Data items
• • •
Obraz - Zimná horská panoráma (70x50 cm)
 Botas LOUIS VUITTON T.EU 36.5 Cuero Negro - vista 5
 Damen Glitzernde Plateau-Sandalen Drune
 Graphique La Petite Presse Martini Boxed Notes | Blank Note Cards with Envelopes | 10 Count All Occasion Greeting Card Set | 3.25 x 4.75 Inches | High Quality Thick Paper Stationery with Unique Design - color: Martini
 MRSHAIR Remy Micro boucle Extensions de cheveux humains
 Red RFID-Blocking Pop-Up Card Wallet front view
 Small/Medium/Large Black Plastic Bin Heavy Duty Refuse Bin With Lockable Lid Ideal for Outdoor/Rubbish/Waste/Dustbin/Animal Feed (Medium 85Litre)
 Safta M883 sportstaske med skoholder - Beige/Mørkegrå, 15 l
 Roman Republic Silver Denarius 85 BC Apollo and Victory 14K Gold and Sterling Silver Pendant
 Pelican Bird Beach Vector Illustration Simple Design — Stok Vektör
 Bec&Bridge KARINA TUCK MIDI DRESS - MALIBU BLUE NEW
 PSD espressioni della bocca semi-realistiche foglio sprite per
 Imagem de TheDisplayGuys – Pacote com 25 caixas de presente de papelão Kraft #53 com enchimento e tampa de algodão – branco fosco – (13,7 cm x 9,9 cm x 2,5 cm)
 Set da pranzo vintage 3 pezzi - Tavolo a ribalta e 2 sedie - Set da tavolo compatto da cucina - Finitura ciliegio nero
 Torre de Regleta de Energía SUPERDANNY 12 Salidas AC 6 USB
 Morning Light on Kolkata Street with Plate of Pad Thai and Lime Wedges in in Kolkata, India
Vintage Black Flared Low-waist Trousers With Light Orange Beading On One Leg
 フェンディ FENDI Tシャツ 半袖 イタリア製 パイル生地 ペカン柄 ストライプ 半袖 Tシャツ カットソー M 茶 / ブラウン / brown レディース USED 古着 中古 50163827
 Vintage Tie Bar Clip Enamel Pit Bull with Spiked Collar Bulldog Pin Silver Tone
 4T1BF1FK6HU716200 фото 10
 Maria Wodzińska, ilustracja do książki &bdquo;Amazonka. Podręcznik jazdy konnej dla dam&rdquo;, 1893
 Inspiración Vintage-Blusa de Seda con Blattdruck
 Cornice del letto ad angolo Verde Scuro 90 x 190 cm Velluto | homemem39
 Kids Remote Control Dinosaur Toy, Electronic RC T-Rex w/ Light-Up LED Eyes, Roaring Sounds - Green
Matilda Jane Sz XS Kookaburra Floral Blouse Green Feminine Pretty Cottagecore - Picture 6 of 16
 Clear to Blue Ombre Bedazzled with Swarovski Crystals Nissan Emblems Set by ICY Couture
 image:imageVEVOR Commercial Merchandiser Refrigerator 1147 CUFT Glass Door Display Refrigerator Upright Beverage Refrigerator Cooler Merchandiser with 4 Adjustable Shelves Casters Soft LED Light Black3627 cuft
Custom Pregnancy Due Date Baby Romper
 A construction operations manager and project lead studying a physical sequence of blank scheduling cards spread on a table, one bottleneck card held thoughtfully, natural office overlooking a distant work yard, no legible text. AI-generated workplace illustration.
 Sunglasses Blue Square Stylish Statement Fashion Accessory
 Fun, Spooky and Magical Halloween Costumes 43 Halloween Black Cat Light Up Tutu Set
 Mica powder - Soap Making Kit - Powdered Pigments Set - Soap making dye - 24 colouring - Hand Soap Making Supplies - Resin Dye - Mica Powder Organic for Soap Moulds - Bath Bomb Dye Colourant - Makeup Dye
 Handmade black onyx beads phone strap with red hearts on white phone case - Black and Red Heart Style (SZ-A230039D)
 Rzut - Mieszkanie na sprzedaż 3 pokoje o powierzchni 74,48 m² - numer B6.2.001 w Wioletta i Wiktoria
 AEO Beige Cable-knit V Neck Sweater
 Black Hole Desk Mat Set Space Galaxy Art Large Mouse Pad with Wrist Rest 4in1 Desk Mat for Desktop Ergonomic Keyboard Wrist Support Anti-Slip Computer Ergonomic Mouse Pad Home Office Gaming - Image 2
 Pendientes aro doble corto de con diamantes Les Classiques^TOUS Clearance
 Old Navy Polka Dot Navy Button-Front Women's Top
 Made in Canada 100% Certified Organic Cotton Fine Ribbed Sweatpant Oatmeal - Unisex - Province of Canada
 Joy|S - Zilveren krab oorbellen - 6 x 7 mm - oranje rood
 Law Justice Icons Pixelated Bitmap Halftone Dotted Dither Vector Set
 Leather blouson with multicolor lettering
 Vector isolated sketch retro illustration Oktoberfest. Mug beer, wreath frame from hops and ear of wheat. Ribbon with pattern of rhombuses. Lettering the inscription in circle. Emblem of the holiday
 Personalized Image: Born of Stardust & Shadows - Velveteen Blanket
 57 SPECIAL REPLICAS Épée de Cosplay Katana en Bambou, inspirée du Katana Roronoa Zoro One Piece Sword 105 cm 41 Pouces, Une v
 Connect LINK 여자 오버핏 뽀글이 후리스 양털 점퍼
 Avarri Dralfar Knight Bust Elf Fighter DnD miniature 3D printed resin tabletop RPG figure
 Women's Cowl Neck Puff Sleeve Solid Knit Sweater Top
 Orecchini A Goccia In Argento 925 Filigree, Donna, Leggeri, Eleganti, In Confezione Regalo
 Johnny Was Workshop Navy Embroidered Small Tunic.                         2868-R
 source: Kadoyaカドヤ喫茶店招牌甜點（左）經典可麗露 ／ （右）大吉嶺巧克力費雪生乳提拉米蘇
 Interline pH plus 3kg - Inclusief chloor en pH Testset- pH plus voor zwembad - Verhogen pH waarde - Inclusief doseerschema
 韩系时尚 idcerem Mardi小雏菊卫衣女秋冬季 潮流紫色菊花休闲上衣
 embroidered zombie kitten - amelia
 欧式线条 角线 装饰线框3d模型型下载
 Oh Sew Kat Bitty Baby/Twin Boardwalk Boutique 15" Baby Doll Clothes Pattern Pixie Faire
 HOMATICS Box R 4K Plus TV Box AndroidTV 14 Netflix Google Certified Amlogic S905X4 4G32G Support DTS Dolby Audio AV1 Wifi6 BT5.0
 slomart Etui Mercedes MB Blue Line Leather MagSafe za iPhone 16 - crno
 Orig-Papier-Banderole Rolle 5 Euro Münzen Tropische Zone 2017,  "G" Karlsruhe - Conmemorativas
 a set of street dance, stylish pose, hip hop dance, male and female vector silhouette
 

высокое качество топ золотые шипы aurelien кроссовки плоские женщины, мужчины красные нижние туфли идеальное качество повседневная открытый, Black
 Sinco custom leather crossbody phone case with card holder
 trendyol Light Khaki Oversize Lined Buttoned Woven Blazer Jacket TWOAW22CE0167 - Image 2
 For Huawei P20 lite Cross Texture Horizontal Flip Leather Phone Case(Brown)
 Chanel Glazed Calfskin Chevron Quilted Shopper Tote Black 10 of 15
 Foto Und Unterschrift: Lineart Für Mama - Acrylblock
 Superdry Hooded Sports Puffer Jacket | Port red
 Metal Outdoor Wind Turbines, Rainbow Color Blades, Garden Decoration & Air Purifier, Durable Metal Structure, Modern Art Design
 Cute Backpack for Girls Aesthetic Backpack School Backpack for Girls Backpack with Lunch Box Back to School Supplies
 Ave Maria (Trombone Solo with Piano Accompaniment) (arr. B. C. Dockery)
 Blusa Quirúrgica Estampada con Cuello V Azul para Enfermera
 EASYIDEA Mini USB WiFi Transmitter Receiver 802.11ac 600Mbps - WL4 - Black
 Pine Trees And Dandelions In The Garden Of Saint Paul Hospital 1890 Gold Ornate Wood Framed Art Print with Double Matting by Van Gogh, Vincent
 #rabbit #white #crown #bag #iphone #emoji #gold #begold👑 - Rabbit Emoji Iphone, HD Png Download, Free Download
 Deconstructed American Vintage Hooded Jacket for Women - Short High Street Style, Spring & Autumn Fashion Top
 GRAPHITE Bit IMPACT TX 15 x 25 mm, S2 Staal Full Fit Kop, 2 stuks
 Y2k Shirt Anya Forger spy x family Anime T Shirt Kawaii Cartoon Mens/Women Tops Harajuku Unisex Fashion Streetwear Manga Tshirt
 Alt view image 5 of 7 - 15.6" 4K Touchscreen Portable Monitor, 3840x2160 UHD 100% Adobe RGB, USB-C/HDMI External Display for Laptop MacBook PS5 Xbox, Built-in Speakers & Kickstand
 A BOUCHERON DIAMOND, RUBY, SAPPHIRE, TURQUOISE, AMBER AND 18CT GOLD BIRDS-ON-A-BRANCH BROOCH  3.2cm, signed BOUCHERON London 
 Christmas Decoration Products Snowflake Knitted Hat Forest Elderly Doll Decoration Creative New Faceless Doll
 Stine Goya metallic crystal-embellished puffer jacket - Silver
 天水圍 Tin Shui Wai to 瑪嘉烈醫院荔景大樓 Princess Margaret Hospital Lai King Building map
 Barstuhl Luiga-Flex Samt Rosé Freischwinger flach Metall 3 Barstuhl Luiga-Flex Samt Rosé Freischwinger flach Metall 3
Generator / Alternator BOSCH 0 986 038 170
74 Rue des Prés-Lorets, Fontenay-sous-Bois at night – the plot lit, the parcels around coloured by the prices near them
• • •
What you should do: Reproduce exactly, please, only the lines from the start of the data above to the line that contains "Small/Medium/Large Black Plastic", with both ends kept.

Answer to the problem:
Obraz - Zimná horská panoráma (70x50 cm)
 Botas LOUIS VUITTON T.EU 36.5 Cuero Negro - vista 5
 Damen Glitzernde Plateau-Sandalen Drune
 Graphique La Petite Presse Martini Boxed Notes | Blank Note Cards with Envelopes | 10 Count All Occasion Greeting Card Set | 3.25 x 4.75 Inches | High Quality Thick Paper Stationery with Unique Design - color: Martini
 MRSHAIR Remy Micro boucle Extensions de cheveux humains
 Red RFID-Blocking Pop-Up Card Wallet front view
 Small/Medium/Large Black Plastic Bin Heavy Duty Refuse Bin With Lockable Lid Ideal for Outdoor/Rubbish/Waste/Dustbin/Animal Feed (Medium 85Litre)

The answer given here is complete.